Commissioner Monique Seefried

Yesterday, we discussed how she became so deeply interested in the First World War with U.S. Centennial Commissioner Monique Seefried. That portion of the interview can be accessed HERE. In this issue of Roads to the Great War, we are going to discuss her  work as a commissioner with  Monique. MH

Interview Part II  
Monique Seefried on Her Work with the United States World War One Centennial Commission

A. MH: Your leadership of the Croix Rouge Memorial project, and its highly visible success, marked you as someone who combined a high level of interest in the war  with an ability to get things done both stateside and "over there" in France where the fighting took place and where much of the commemorative events would take place during the Centennial. Could you tell us how you were nominated or recruited for the Centennial Commission, and also, why you chose to accept the position of commissioner?

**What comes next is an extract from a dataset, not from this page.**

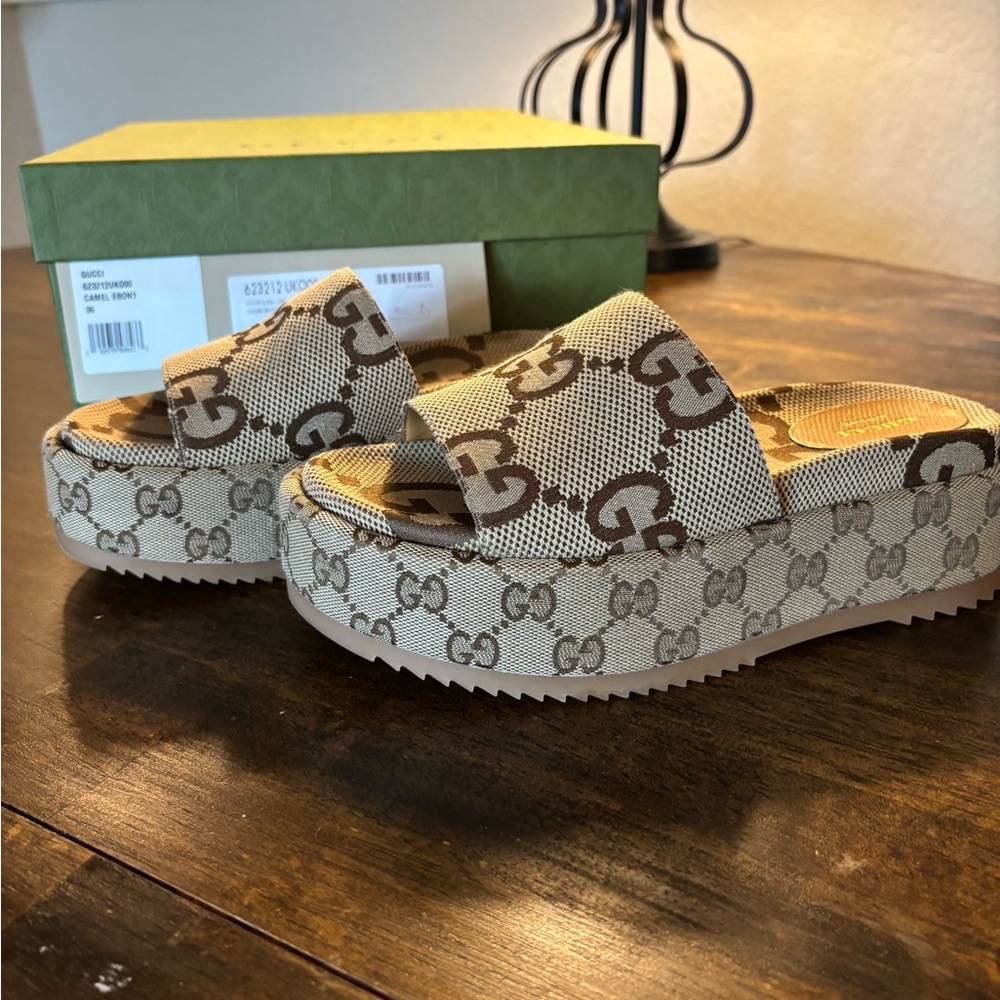 Gucci Beige Brown GG Canvas Platform Slide Sandals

MS:  The work Rod Frazer and I did at Croix Rouge Farm, included inaugurating a WWI memorial to an American Division in France. It was especially noticed by French and American authorities as the inauguration took place on the day after President Sarkozy announced, on November 11, 2011 the launching of the French WWI Centennial. Jerry Hester, who had chaired the U.S. commemorations of the 70th anniversary and helped us connect with the U.S. Army before the inauguration of the Rainbow Division Memorial at Croix Rouge Farm, was instrumental in presenting my name to the office of the Speaker of the House when a seat became vacant on the newly created WWI Centennial Commission (WWICC). I was appointed to the commission in June 2014.

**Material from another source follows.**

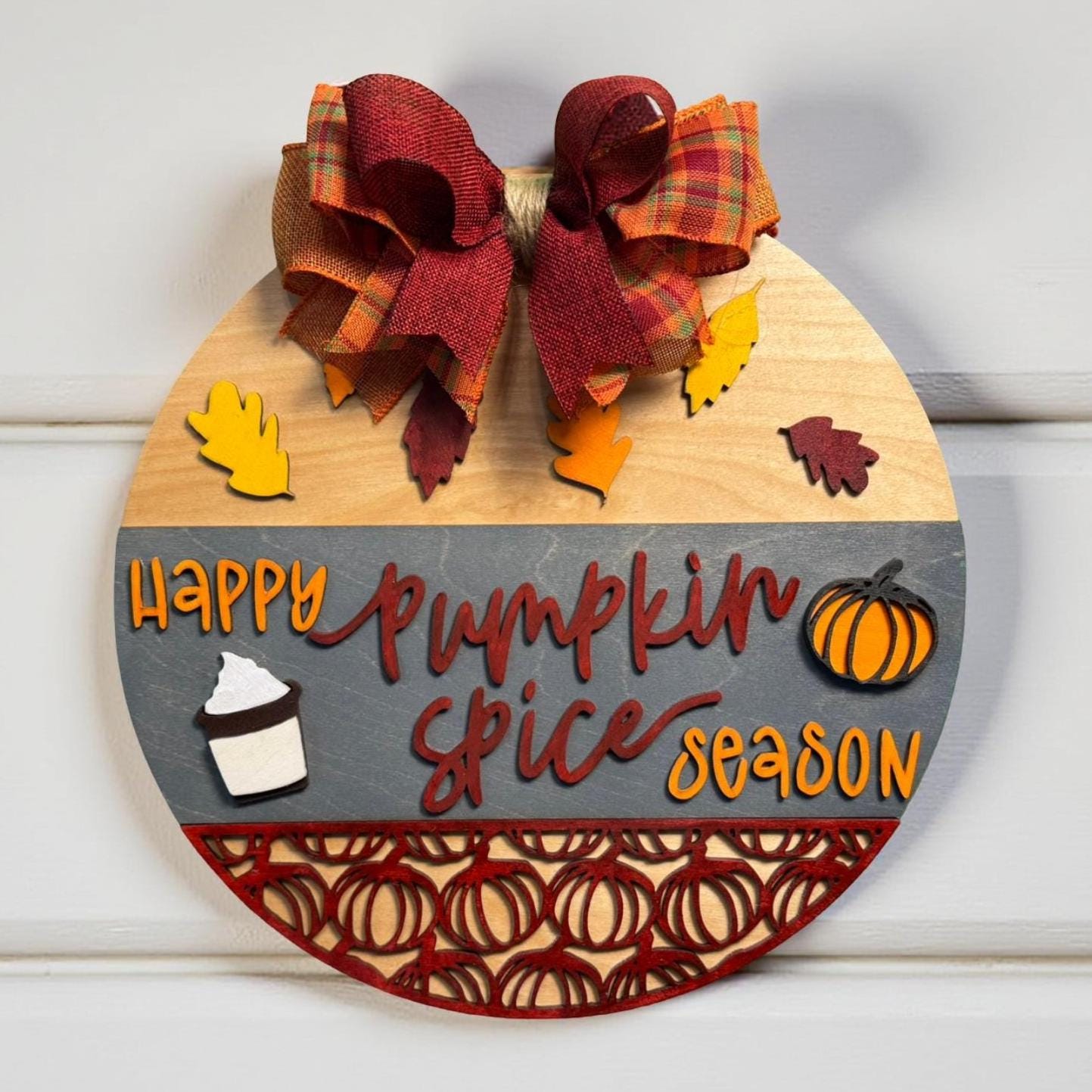 Pumpkin Spice Season Wood Sign: Fall Farmhouse Door Hanger with Plaid Bow Seasonal Door Hanger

Commissioners of the WWICC Break Ground for the National World War I Memorial 
(Monique S. Second from Left)
I accepted the position as a high honor, one that would allow me to remember all those young Americans who came to save my country of origin twice in the 20th century. I was raised with an immense sense of gratitude for what Americans did in WWI and WWII, with a great respect for service in the military. Knowing men like General de Gaulle, who fought in WWI before becoming heroes in WWII, or someone like my godfather, General Louis Dio, who was the first French officer to rally to General Leclerc de Hautecloque in August 1940 in Chad, had definitely an enormous influence on me. My own father was in the Resistance, General de Gaulle’s deputy chief of cabinet from 1944 to 1946 and again his chief of cabinet from 1959 to 1961. Service to one’s country was essential in my upbringing, not only at home but also at school. I had the extraordinary good fortune to be taught 20th-century history by Lucie Aubrac, one of the greatest heroines of the French Resistance. With this service on the WWICC, I was given an extraordinary opportunity to serve my country of adoption and express my gratitude towards it.

I am extremely humbled to have been asked to serve the memory of those Americans who, 100 years ago, gave so much more than I can ever give them back. They deserve to be remembered, thanked and honored.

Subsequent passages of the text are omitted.